> **Description of the task**: Below this line are records; transcribe exactly the lines between the one holding "Zámok na predaj" and the one holding "Panoramic cityscape view", inclusive, and omit the pictures.

[Data records — start]

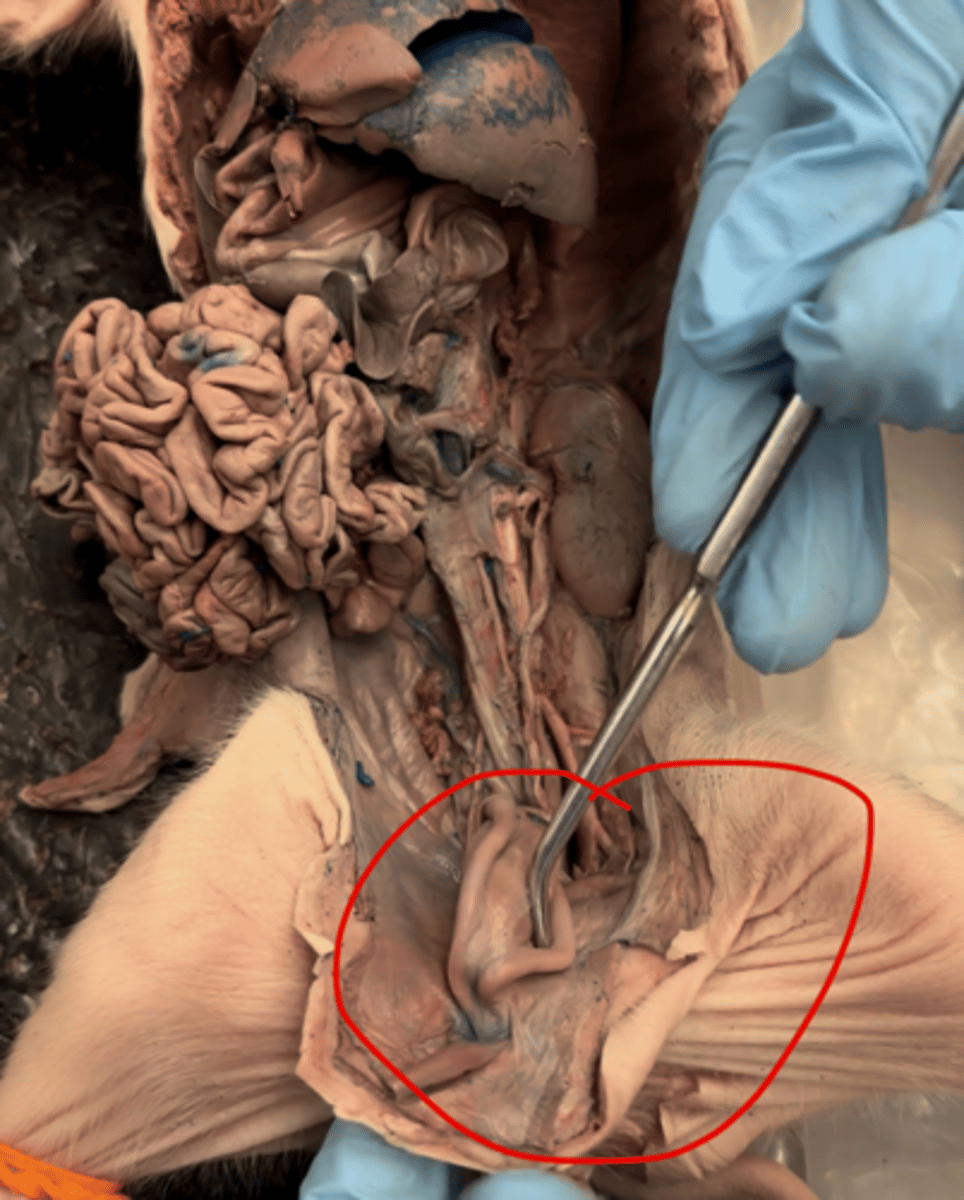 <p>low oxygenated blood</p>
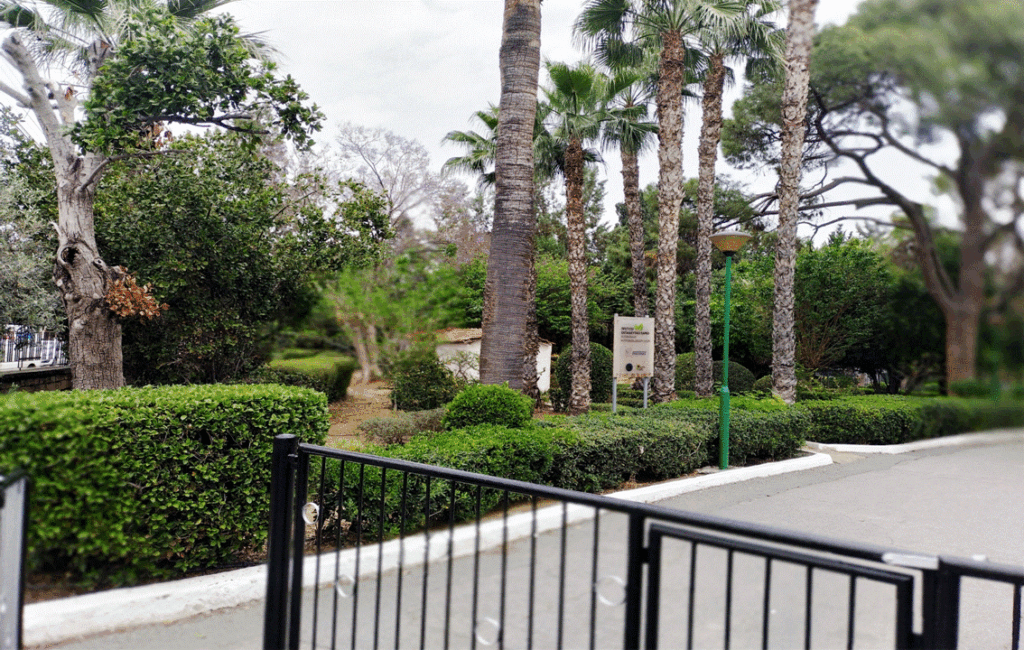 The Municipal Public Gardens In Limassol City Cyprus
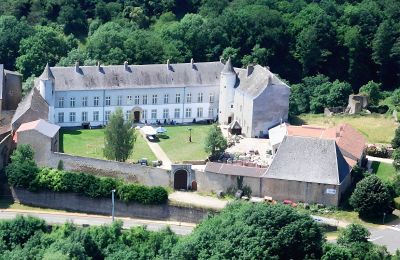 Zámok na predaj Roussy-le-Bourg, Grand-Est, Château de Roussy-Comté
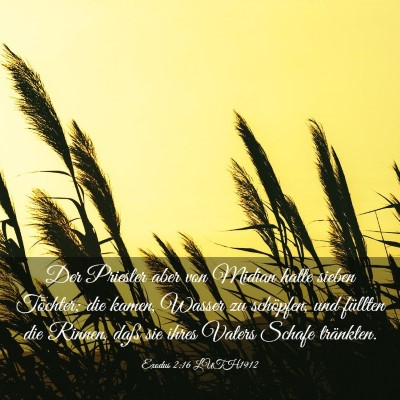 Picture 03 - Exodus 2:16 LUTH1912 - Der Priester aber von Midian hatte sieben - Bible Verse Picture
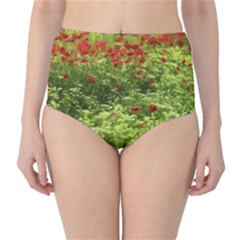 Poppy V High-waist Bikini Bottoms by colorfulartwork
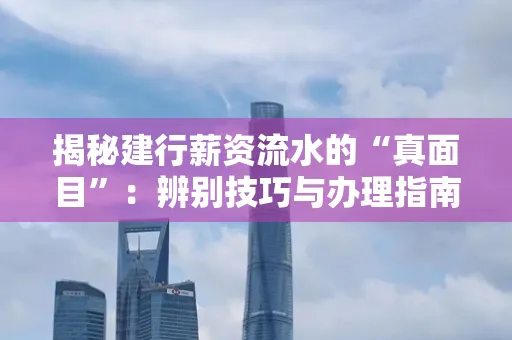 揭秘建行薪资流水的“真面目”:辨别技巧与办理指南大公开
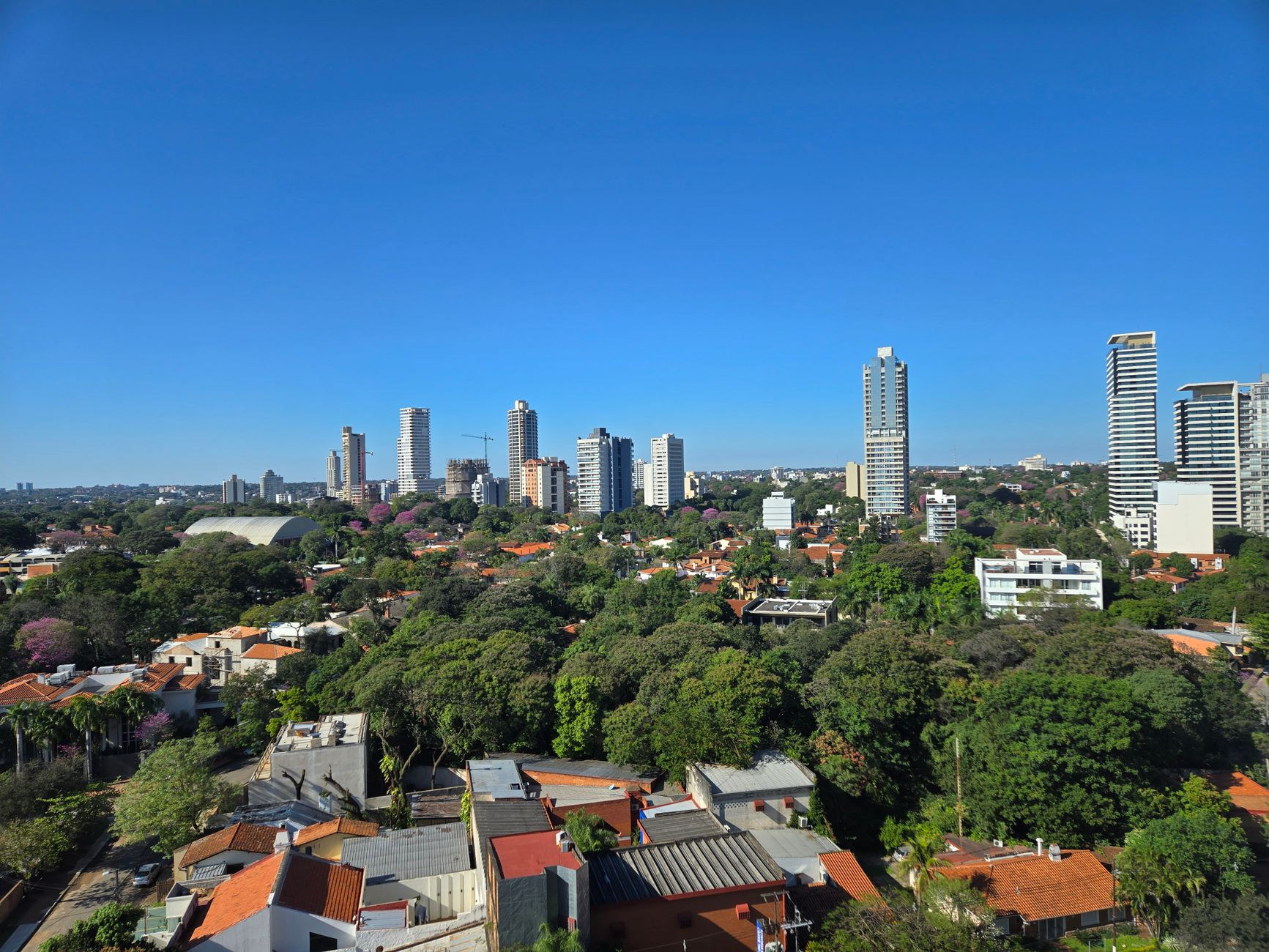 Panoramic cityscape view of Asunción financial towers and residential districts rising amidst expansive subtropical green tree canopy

[Data records — finish]
[Data records — start]

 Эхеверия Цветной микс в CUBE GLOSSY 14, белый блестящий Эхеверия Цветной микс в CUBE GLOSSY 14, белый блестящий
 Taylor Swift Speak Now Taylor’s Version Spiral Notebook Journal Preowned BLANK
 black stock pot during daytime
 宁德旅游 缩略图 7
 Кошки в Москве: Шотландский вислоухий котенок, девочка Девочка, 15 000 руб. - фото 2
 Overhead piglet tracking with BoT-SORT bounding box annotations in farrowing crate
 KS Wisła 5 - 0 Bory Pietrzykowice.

[Data records — finish]
[Data records — start]

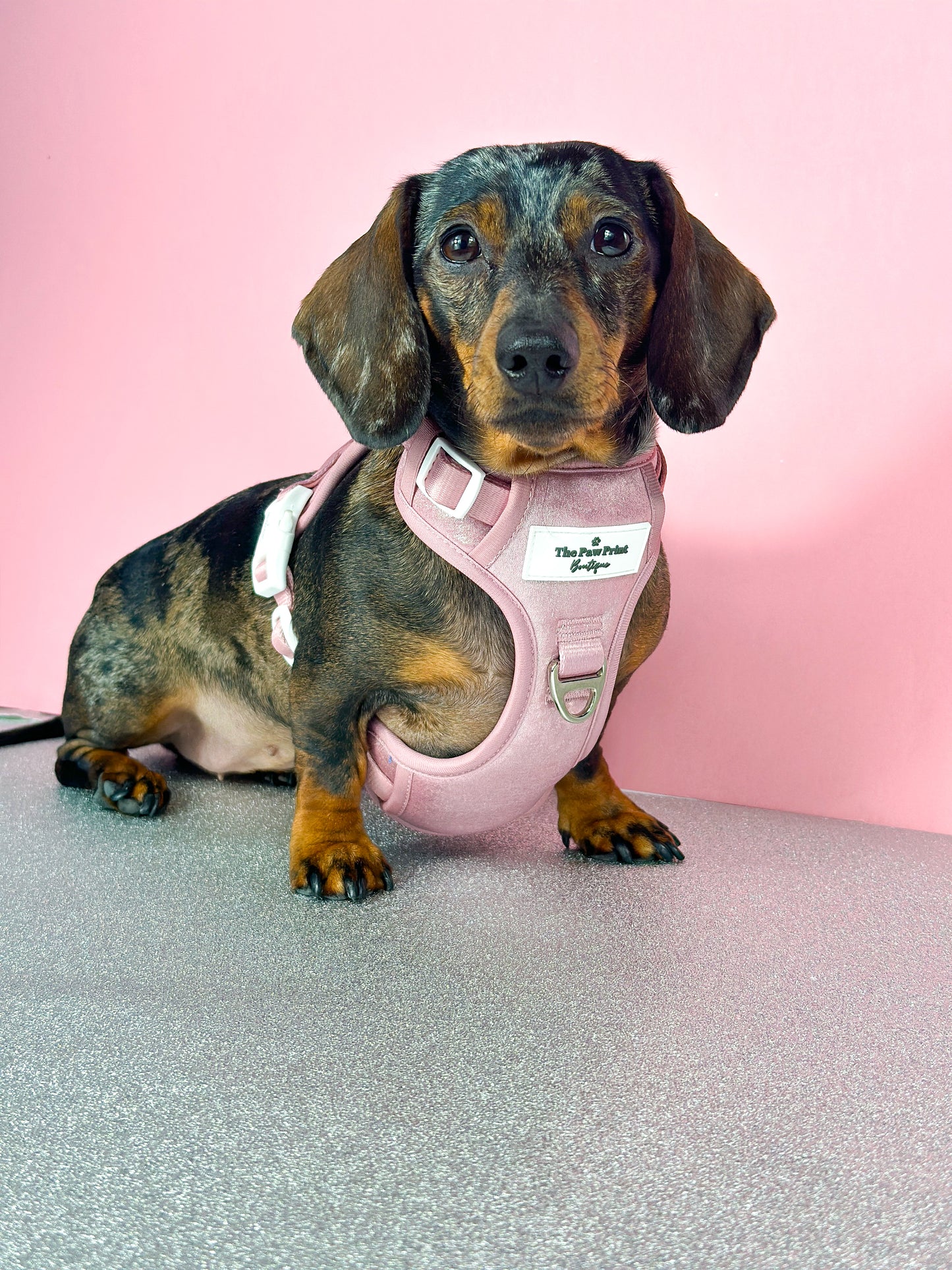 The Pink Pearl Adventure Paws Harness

[Data records — finish]

> **Result of this task**:
 Zámok na predaj Roussy-le-Bourg, Grand-Est, Château de Roussy-Comté
 Picture 03 - Exodus 2:16 LUTH1912 - Der Priester aber von Midian hatte sieben - Bible Verse Picture
 Poppy V High-waist Bikini Bottoms by colorfulartwork
 揭秘建行薪资流水的“真面目”:辨别技巧与办理指南大公开
 Panoramic cityscape view of Asunción financial towers and residential districts rising amidst expansive subtropical green tree canopy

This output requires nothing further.